UX is not a feeling discipline. You can’t add color just because it feels good to you. Chances are it might feel bad for 80% of your audience. Whatever you do back it up with data and research. This is not a feelings game. This kinda reminds me…Always do research! The first step in solving a problem is understanding there is one.

Sketch first, add color later

picture by Anthony Lagoon. Check out his work.

Your awesome graphics “designer”, we get it! But you’re not useful to anyone if it takes 3 days to come up with a solution for a problem. Sketch first to explore various ideas to fail fast and succeed sooner.

Test & Learn

You always have to test! You can not do your job without testing, that’s just the way things are. Your goal is to create useful designs / usable solutions whatever you want to call it. You can’t do that by imagining how things can, could or will work. You got to get down in the trenches and start doing usability testing. Talk with users, give them a certain task to validate that whatever you did is usable by your audience.

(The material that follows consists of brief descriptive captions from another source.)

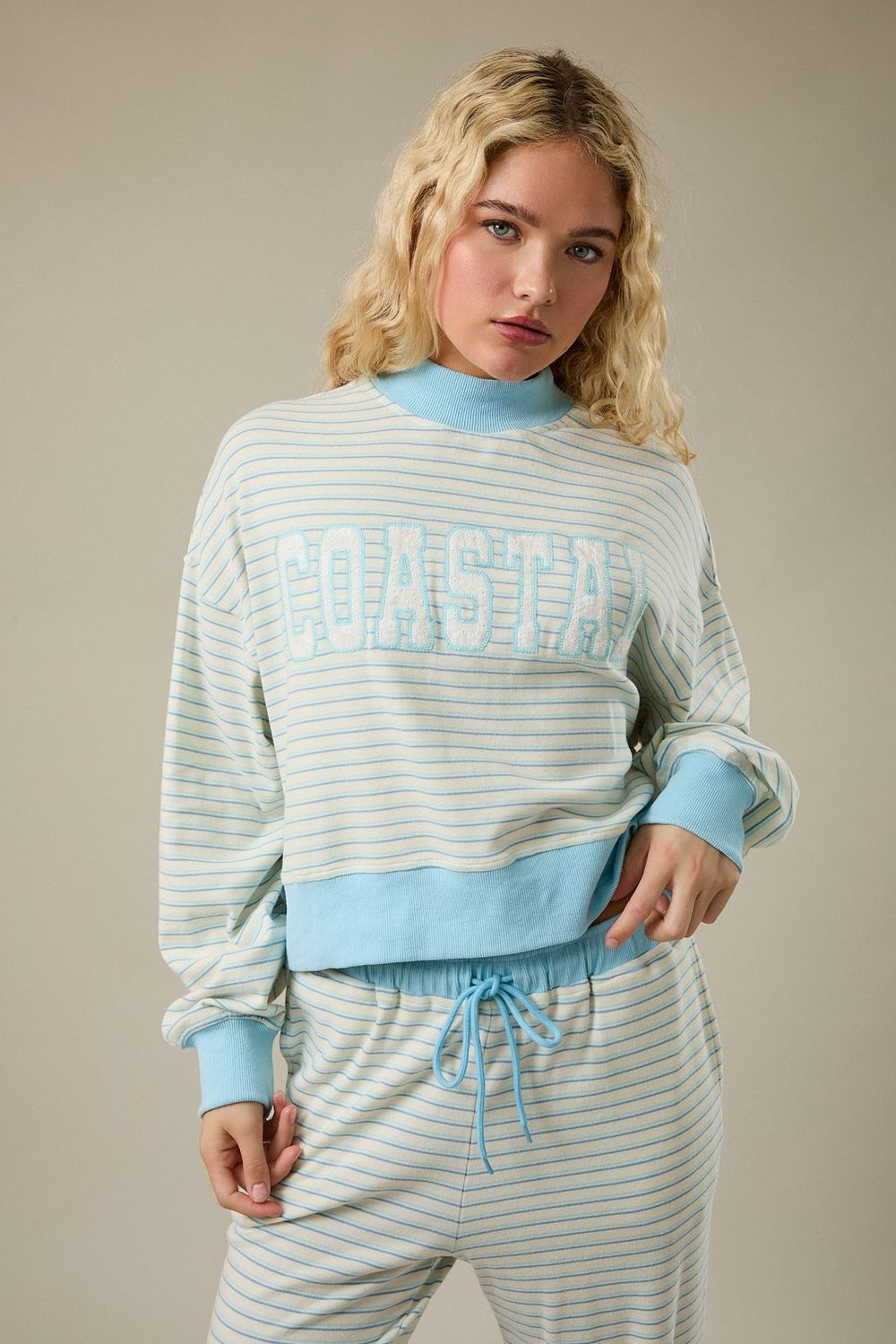 Coastal Mock Neck Pullover - Cream/Light Blue Stripe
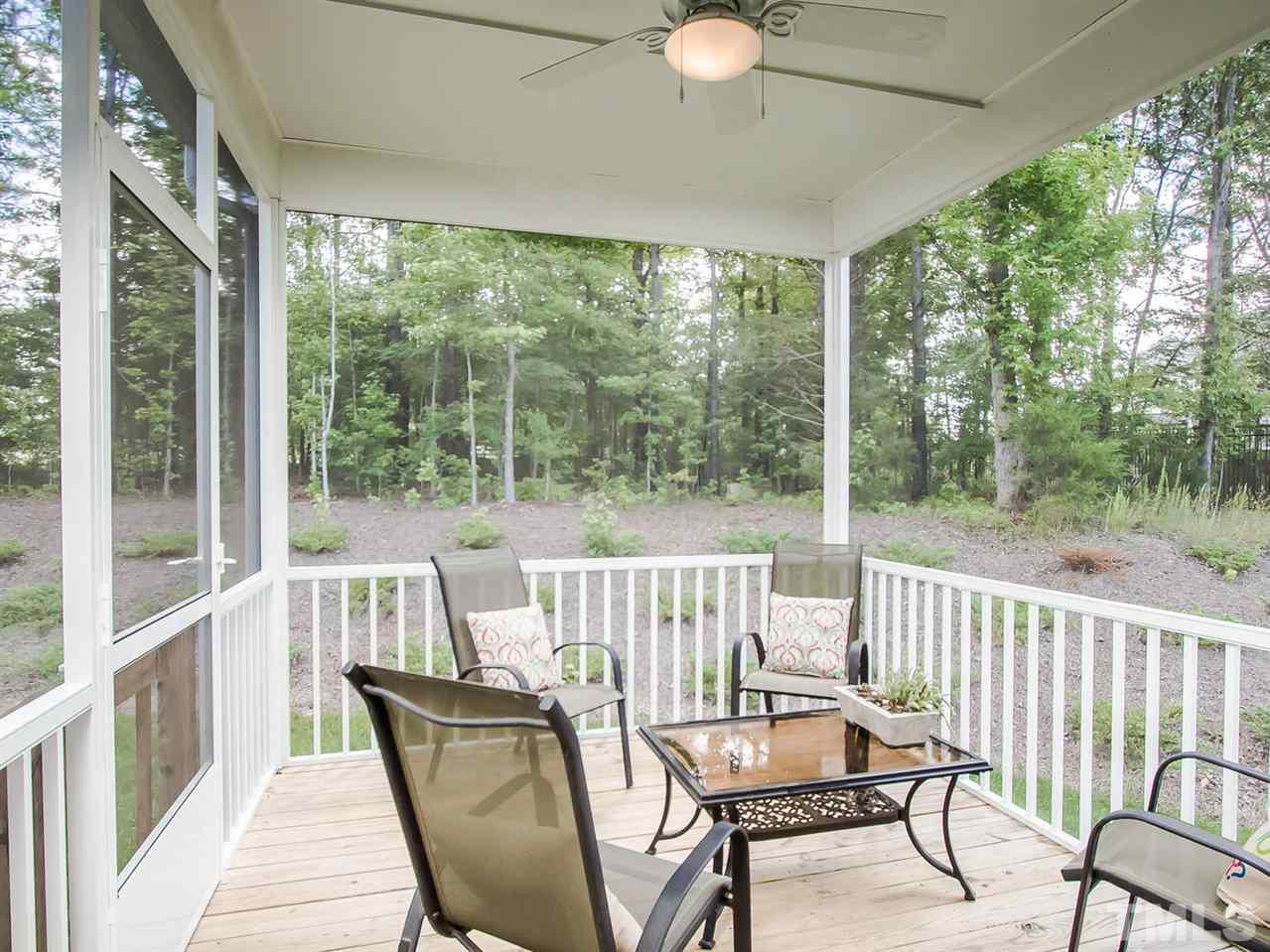 6508 Ridgemount Street Wake Forest, NC 27587 - Photo 20 of 24 What an amazing way to end the day. Grab a great book and a glass of wine. Or enjoy an outdoor meal at 6508 Ridgemount on your new screened porch. Cool off with the ceiling fan during these warm summer days.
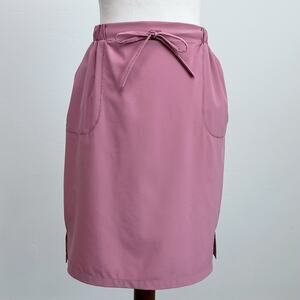 Albion Fit Pink Mauve Drawstring Waist Sporty Athletic Nylon The Away Skirt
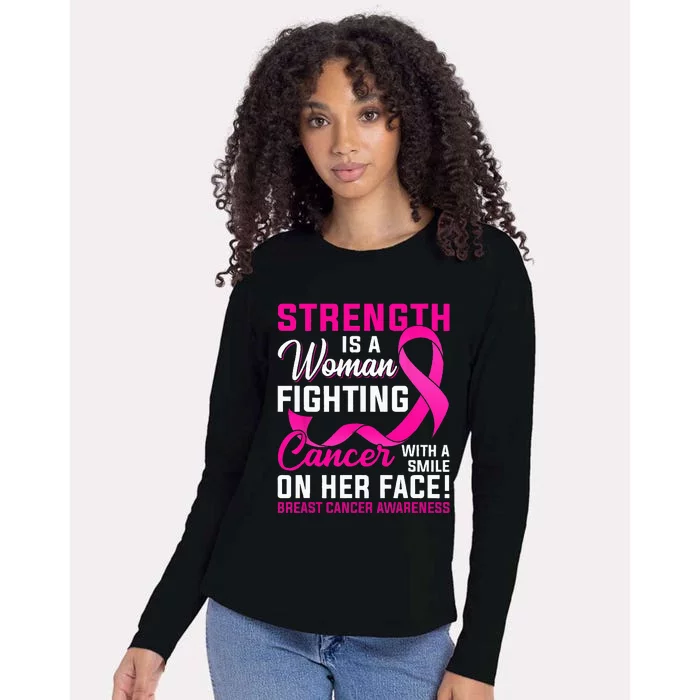 Strength Is A Woman Fighting Cancer Breast Cancer Awareness Womens Cotton Relaxed Long Sleeve T-Shirt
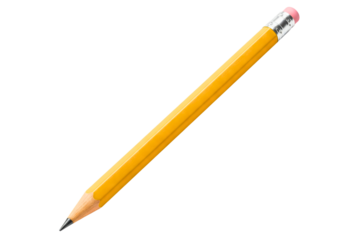 Classic yellow wooden graphite pencil with a pink eraser tip isolated on a transparent background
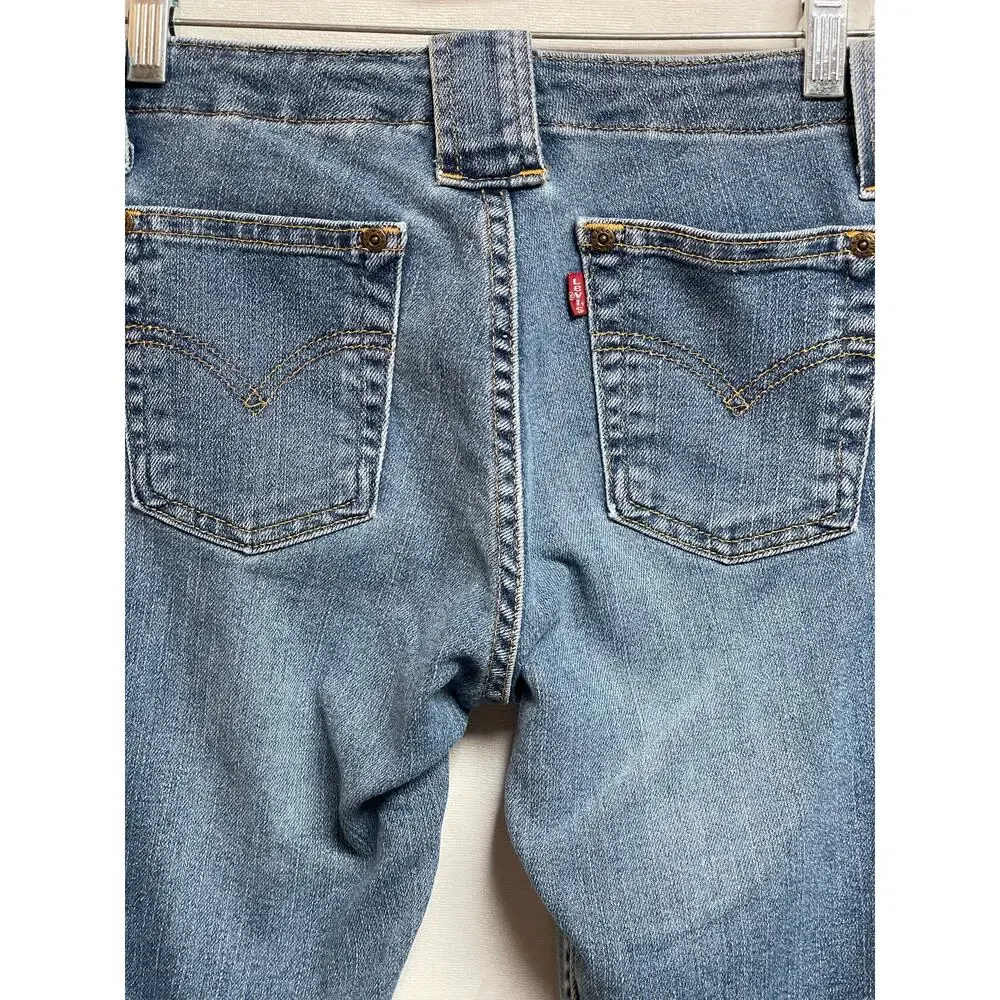 Vintage Levi's women's‎ juniors flare jeans 2 snap closure 2002 light denim blue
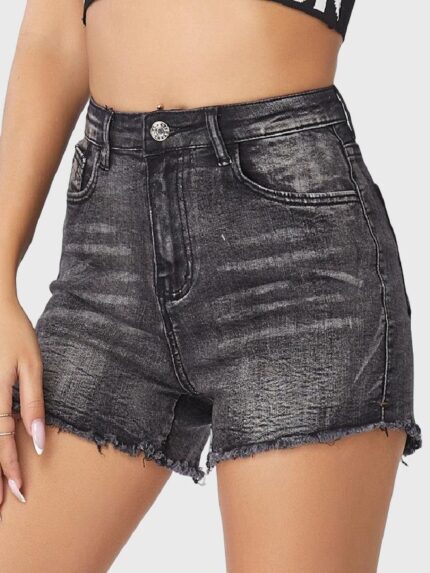 Wholesale Dark Gray Raw Hem Denim Shorts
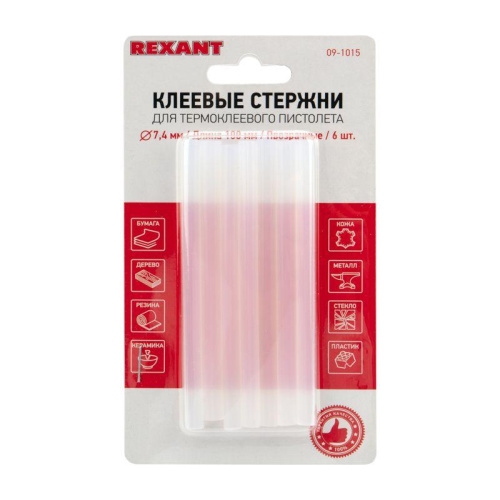 Стержни клеевые REXANT Ø 7 мм, 100 мм, прозрачные (6 шт./уп.) (блистер) Новинка! фото 2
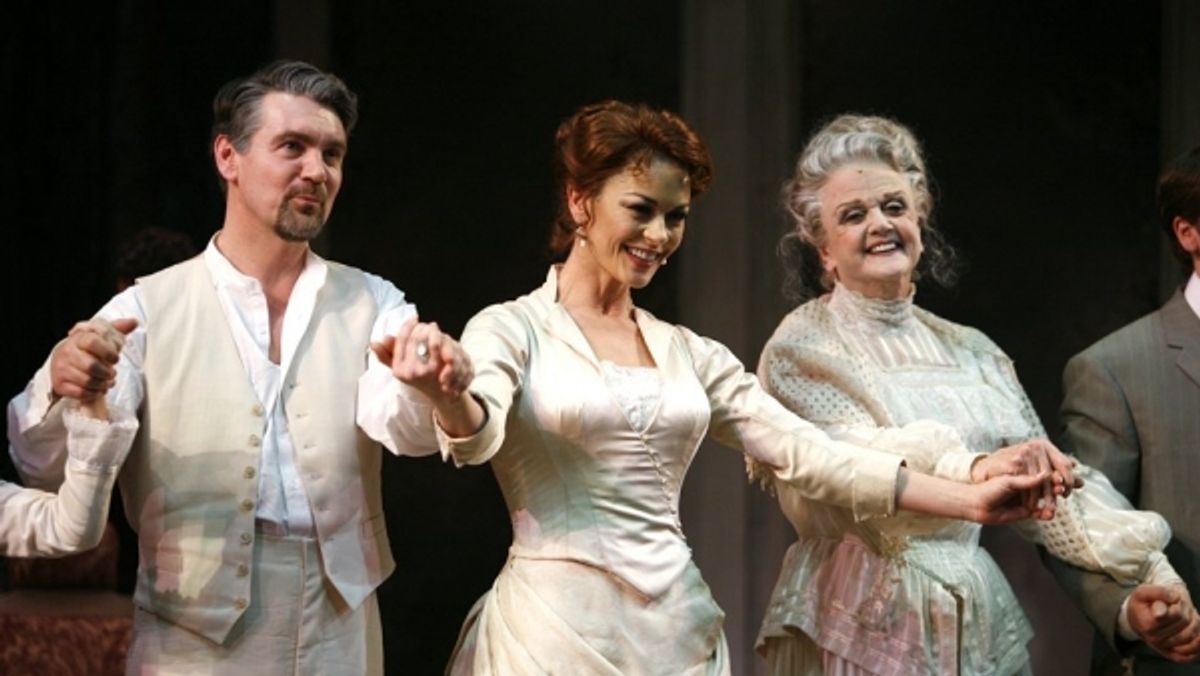 Alexander Hanson, Catherine Zeta-Jones & Angela Lansbury during the Opening night Performance Curtain Call for Broadway's 'A Little Night Music' at the Water Kerr Theatre at 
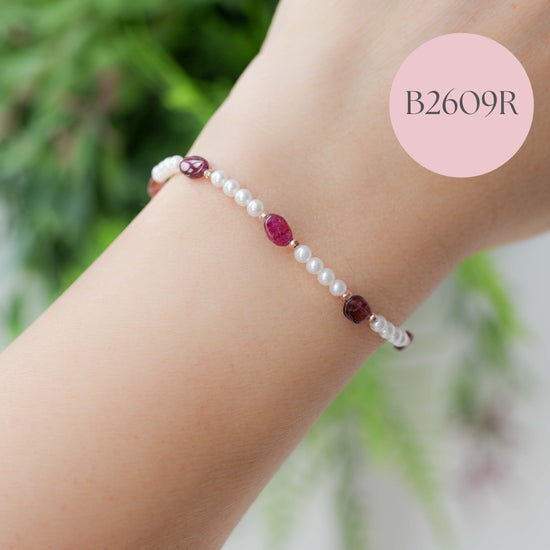 Pearl and Tourmaline Pebble Bracelet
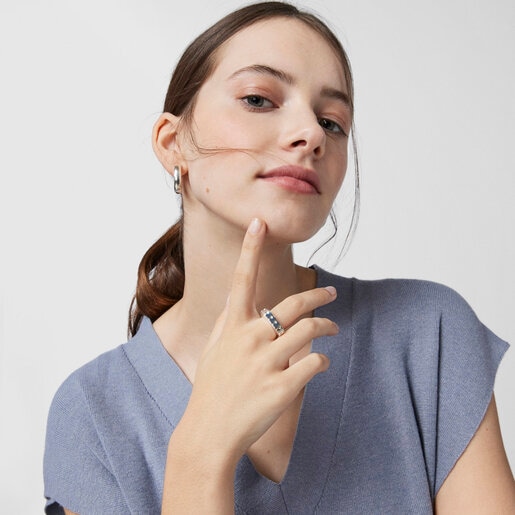 טבעת חותם דובונים Straight עשויה כסף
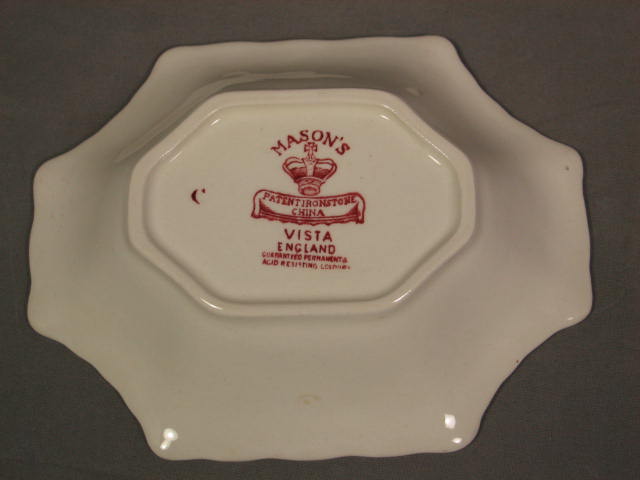Antique Masons Ironstone Vista Red Serving Bowl Set NR 3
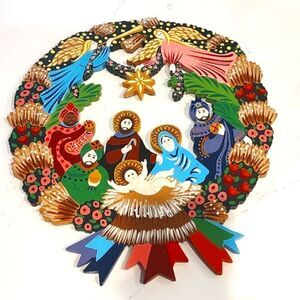 Hand Painted Wooden Nativity Scene Hanging Wreath Vintage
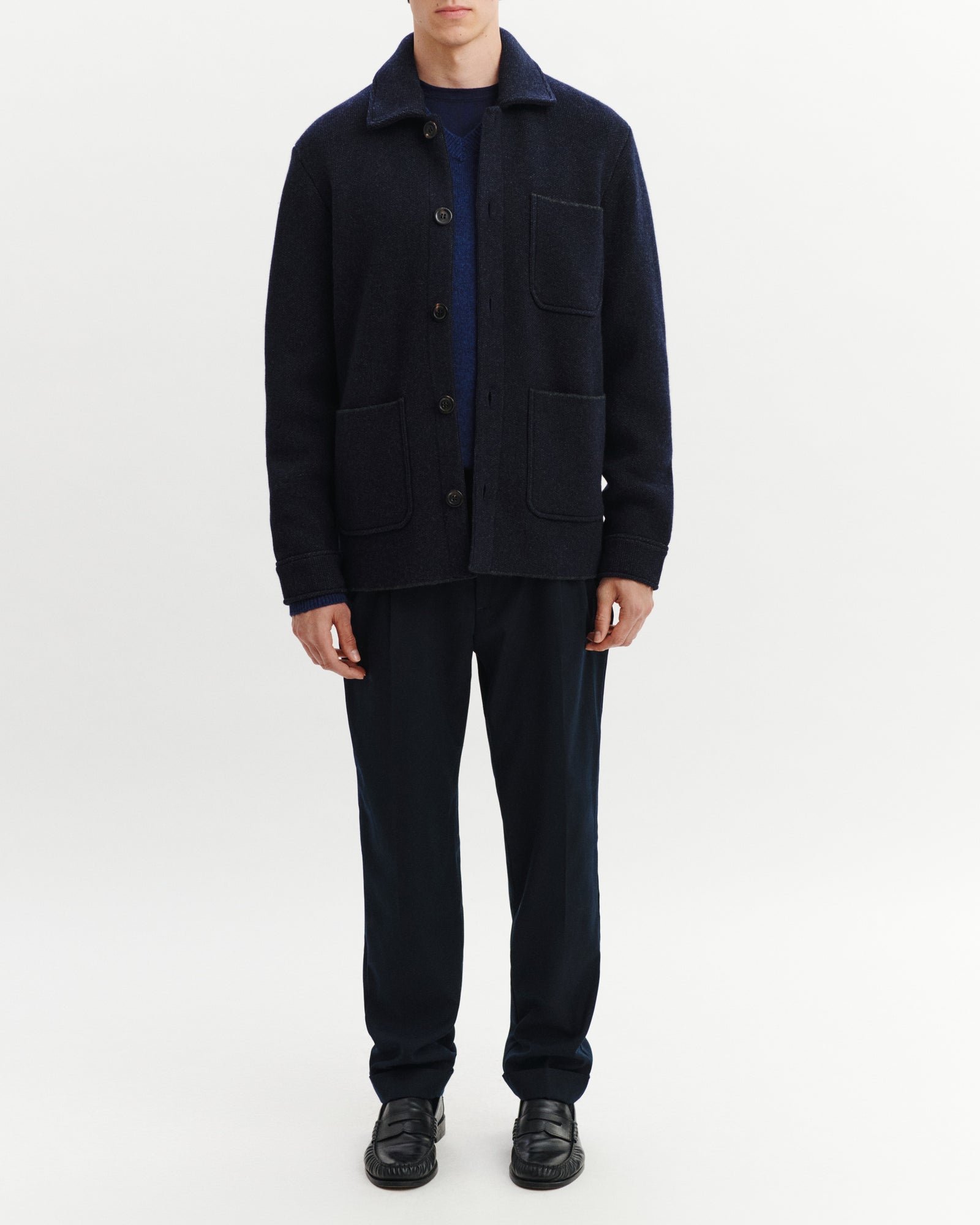 Veste en piqué-MARINE/CHARBON-70% laine 30% cachemire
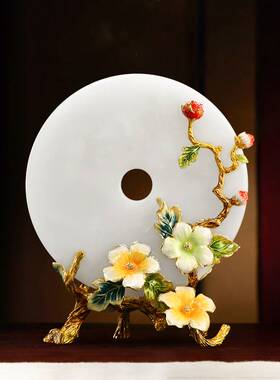 新中式珐琅彩高端摆件客厅玄关电视柜饰品高档平安扣玉石家居装饰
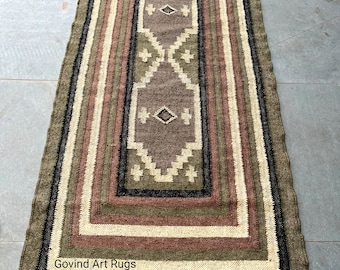 Hnadmade Wool Jute Runner, Kilim Runner Rug, Kitchen Rug, Indoor Runner, Vintage Jute Runner, Custom Size Runner, Wool Jute Rug, Yogs Mats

Just the way you did research with multiple people in parallel, multiple team members can also do the testing with several users. Going into each test, you should have a plan of what you are testing and how you know if that is successful or notWhatever the result is, we should end the phase with a plan for moving forward.

Ditch the expert act

You might want to pull the good old expert act and tell people how much of a big deal you are. That you know everything there is to know about color, typography, form and how to make a sexy app. Just don’t! It just shows that you’re not willing to listen to anyone and that everyone should listen to you because of reasons. The sooner you realize that every opinion is an extra option the better.

This being said, go out and be an awesome UX Designer!